KASBA BONLI: Rakesh Kumar has a post-graduate degree but works as a house painter in the small town of Kasba Bonli in northwestern India.
The 31-year-old, the only one of eight siblings to attend university, said his attempts to get a salaried job had failed, and he blamed the government of Prime Minister Narendra Modi for not creating employment opportunities as it had promised.
“I voted for Modi last time,” said Kumar, wearing a pink shirt and wrinkled, brown trousers that had droplets of paint on it. “He had promised jobs, and I was sure I would get something. I won’t vote for him again.”
Modi’s failure to create tens of millions of jobs for the country’s youth – a promise which helped him secure the largest mandate in three decades in 2014 – would be the biggest threat to his bid for another term in a general election due by May, 2019, many political analysts say. That seems the case in Kasba Bonli, a market town in Rajasthan state on the edge of sprawling wheat fields, which voted overwhelmingly for Modi’s Bharatiya Janata Party (BJP) at assembly elections in 2013 and the general election in 2014.
“My two sons are educated but unemployed,” said Hanuman Prasad Meena, a farmers’ leader in the town. “Many farmers voted in Modi’s name earlier, but he has no support here now.”
When Reuters visited the town in late 2013, all the talk was about Modi and how his promised business-friendly reforms would boost growth and provide jobs. But it doesn’t seem to have quite worked.
The unemployment rate in India, nearly two-thirds of whose 1.3 billion people are under 35 years old, hit its highest level in 16 months in March at 6.23 percent, according to the Centre for Monitoring Indian Economy (CMIE), an independent think-tank.
The difficulty in getting a reasonable job is so great that more than 25 million people applied for less than 90,000 positions recently advertised by the state-run railways.
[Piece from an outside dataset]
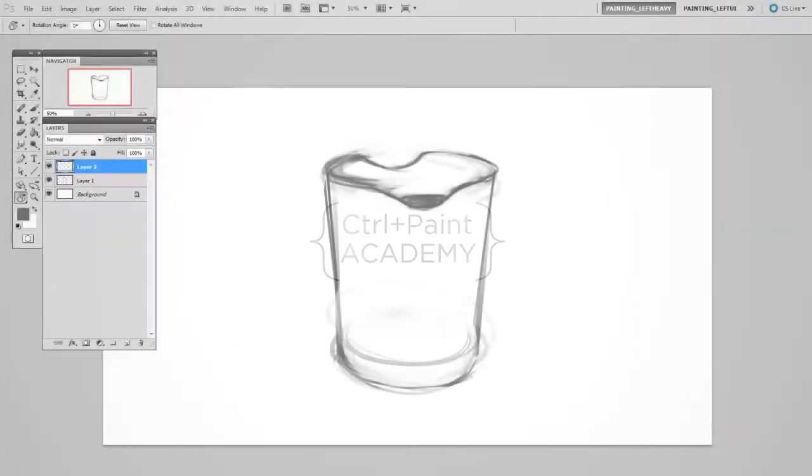Hey guys, this is Matt Corr from ControlPaint.com, and today we're going to look at constructive form.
Ram Vilas Paswan, a minister in Modi’s cabinet, said the jobs data was worrying and that the government was working to address it. He also deflected some of the blame onto provincial authorities.
“People expect only Narendra Modi to give them jobs; they have forgotten that even state governments have some role to play in creating jobs,” Paswan said in an interview.
“Still, the central government is worried about it. In elections, even small issues can become a factor. The government is aware of it,” he said.
Nevertheless, Modi is still the most popular politician in the country and at the moment it seems unlikely that he will be dislodged. Nearly nine out of 10 Indians held a favorable opinion of Modi and more than two-thirds were satisfied with the direction he was taking the country, according to a Pew survey in November. The BJP or its partners rule 21 out of 29 Indian states, up from just seven in 2014. The once-mighty Congress party is in opposition in New Delhi and controls only three states.
CONGRESS GAINING GROUND?
Before the Modi wave, handouts for farmers by Congress helped turn once-deprived Kasba Bonli into a thriving retail center, with shops there selling everything from glittery bangles to satellite dishes. But as some farmers prospered, they wanted their children to move away from agriculture. Modi’s election pledge to create around 20 million jobs annually appealed to them, helping send a BJP lawmaker from the area to the Rajasthan assembly for only the second time since 1991. But Congress could now make a comeback, townspeople said.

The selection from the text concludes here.